» **What needs to be done**: Return, from the listing that follows, each line containing the word "open".

» **Data excerpts**:
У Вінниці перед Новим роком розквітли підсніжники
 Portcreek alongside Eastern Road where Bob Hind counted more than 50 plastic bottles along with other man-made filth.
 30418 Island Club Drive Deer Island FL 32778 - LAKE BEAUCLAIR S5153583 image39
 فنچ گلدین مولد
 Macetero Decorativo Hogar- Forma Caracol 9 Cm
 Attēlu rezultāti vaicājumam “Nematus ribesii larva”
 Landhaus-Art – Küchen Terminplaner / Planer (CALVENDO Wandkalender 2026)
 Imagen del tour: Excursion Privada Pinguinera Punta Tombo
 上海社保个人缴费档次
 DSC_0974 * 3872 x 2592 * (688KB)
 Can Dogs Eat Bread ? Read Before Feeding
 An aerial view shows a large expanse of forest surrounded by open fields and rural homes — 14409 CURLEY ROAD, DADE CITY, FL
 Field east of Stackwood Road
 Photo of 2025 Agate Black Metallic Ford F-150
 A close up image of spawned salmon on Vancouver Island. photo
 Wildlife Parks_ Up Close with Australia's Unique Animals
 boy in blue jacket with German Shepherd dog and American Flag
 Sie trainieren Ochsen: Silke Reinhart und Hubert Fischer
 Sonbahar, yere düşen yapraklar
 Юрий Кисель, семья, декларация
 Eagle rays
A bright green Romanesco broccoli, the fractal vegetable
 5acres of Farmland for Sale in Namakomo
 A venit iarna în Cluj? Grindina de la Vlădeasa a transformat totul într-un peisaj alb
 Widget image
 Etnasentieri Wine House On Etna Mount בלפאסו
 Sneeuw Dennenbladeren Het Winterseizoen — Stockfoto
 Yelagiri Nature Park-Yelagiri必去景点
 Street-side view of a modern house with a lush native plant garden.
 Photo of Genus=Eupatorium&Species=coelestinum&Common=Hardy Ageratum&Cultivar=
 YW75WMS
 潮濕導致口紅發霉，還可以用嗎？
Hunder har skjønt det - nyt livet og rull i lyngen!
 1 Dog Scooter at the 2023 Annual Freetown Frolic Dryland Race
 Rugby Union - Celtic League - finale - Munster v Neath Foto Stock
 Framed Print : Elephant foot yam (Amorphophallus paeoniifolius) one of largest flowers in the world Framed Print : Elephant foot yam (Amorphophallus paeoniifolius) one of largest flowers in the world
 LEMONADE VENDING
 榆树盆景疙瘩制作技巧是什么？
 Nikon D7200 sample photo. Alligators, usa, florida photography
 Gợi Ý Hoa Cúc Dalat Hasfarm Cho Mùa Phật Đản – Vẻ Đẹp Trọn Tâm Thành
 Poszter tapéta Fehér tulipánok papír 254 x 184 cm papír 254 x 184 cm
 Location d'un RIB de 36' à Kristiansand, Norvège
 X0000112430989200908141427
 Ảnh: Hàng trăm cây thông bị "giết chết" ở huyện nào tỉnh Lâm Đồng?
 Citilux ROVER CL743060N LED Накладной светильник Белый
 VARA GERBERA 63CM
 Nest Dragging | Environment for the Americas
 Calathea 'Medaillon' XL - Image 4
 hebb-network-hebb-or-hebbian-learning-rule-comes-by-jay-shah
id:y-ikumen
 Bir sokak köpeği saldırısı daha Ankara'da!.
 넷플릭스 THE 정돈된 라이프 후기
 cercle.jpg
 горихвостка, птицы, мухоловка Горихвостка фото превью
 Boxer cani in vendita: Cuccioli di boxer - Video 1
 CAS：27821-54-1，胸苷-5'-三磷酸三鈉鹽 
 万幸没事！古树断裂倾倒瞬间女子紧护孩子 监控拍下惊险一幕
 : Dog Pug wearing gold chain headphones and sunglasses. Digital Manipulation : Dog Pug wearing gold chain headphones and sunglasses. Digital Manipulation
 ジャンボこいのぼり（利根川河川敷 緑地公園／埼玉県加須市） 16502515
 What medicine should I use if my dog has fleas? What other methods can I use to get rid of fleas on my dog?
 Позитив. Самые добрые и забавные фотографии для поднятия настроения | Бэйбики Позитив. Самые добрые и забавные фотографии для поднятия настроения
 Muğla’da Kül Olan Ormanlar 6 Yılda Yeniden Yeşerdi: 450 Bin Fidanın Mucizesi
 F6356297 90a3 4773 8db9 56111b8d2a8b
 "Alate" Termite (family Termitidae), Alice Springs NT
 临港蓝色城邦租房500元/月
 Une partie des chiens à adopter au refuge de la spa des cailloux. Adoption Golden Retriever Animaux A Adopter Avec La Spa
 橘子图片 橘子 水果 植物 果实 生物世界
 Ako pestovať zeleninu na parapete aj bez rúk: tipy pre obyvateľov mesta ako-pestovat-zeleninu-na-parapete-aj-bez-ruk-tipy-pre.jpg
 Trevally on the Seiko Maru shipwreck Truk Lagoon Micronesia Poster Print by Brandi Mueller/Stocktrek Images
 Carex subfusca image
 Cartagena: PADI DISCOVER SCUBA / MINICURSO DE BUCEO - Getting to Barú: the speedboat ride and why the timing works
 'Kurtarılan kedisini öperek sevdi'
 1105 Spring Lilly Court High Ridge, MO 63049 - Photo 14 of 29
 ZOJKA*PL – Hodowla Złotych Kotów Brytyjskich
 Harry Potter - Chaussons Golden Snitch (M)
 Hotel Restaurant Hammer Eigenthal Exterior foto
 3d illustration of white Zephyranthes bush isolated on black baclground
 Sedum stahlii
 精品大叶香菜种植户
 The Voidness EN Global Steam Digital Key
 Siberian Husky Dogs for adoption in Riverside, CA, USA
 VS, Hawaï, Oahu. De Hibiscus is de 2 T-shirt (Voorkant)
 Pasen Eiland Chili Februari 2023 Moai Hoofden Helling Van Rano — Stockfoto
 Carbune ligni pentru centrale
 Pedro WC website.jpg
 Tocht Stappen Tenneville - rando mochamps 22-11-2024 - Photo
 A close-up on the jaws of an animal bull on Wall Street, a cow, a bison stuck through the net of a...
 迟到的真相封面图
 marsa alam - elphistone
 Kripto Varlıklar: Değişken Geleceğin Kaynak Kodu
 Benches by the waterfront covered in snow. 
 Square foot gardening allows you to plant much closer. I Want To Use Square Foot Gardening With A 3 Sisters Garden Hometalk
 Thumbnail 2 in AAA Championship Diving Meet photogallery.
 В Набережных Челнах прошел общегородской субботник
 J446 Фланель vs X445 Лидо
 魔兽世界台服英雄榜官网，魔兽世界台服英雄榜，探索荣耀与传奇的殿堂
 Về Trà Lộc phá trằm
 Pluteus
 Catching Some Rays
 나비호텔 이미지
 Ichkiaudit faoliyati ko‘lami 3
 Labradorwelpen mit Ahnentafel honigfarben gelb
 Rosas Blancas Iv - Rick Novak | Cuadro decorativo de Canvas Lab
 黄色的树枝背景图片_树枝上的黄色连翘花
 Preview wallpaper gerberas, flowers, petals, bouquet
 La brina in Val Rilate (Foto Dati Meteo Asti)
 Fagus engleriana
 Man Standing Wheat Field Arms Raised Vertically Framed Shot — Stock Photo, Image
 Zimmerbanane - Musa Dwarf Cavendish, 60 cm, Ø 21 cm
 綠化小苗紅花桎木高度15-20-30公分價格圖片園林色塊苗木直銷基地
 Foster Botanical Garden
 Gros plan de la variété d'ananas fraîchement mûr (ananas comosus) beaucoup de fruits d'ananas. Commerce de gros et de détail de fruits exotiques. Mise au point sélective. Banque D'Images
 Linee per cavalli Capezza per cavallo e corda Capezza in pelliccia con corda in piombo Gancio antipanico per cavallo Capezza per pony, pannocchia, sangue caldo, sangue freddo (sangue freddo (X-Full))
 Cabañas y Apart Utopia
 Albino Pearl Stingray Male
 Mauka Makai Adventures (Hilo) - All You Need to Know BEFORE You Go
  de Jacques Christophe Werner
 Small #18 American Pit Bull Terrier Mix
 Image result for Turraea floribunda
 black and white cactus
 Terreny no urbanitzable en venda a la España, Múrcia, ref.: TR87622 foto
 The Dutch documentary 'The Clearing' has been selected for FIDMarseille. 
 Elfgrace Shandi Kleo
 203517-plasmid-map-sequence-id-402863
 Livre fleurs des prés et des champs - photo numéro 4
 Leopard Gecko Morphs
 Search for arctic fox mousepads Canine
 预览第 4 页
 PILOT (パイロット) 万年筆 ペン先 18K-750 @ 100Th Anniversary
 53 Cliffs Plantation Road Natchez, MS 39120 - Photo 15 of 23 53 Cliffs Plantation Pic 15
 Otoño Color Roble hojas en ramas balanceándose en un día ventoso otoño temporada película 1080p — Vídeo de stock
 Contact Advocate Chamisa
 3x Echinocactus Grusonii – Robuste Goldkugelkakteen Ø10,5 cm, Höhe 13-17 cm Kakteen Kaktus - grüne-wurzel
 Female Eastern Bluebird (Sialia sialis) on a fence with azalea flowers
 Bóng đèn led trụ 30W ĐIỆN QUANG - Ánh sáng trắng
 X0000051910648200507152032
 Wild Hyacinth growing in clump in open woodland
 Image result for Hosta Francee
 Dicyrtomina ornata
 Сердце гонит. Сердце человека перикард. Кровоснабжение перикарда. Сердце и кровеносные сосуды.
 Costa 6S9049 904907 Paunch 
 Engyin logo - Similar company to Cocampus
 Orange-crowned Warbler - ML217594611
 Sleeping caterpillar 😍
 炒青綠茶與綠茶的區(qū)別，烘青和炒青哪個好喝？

» **Output for this exercise**:
 An aerial view shows a large expanse of forest surrounded by open fields and rural homes — 14409 CURLEY ROAD, DADE CITY, FL
 Wild Hyacinth growing in clump in open woodland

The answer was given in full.